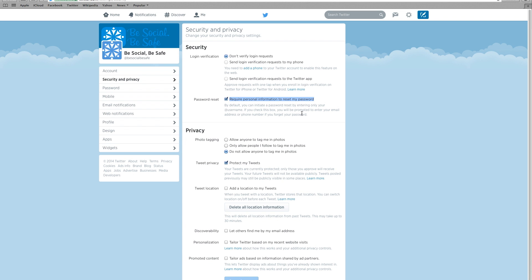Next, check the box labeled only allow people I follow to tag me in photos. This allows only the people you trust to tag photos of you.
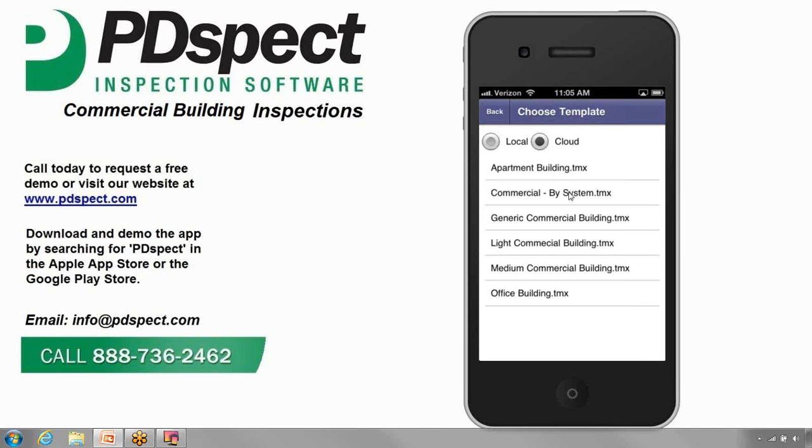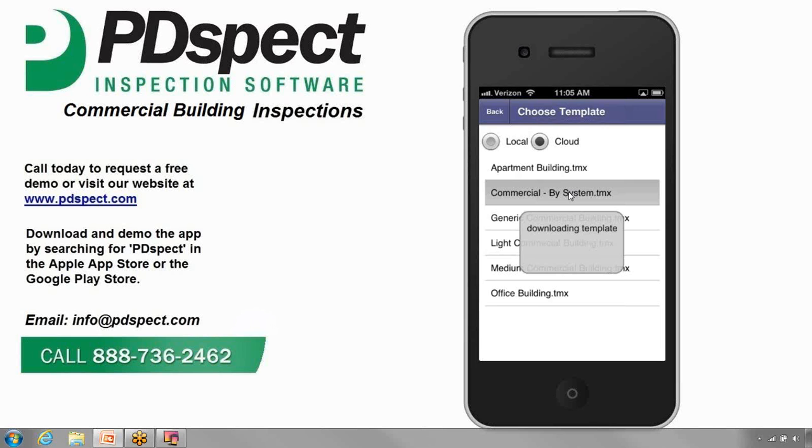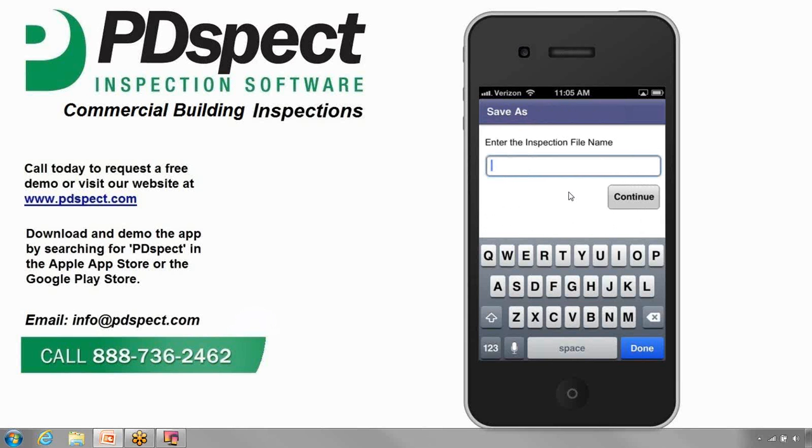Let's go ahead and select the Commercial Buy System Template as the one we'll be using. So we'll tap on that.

---

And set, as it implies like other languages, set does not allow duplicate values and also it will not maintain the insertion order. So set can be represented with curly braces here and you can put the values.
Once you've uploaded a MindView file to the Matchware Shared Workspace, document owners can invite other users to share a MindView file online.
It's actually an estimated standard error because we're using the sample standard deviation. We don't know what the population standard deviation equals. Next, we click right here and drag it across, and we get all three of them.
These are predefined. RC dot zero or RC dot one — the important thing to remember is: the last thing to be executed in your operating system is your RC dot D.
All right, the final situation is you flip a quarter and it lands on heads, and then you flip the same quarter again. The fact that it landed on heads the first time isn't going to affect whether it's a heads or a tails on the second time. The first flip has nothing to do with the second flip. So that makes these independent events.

---

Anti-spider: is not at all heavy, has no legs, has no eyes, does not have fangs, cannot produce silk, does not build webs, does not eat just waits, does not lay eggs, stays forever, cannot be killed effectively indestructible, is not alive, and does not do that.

ASSIGNMENT: Determine how many of the lines above include the word "with", then give that number and nothing else.

RESPONSE TO THE TASK: 2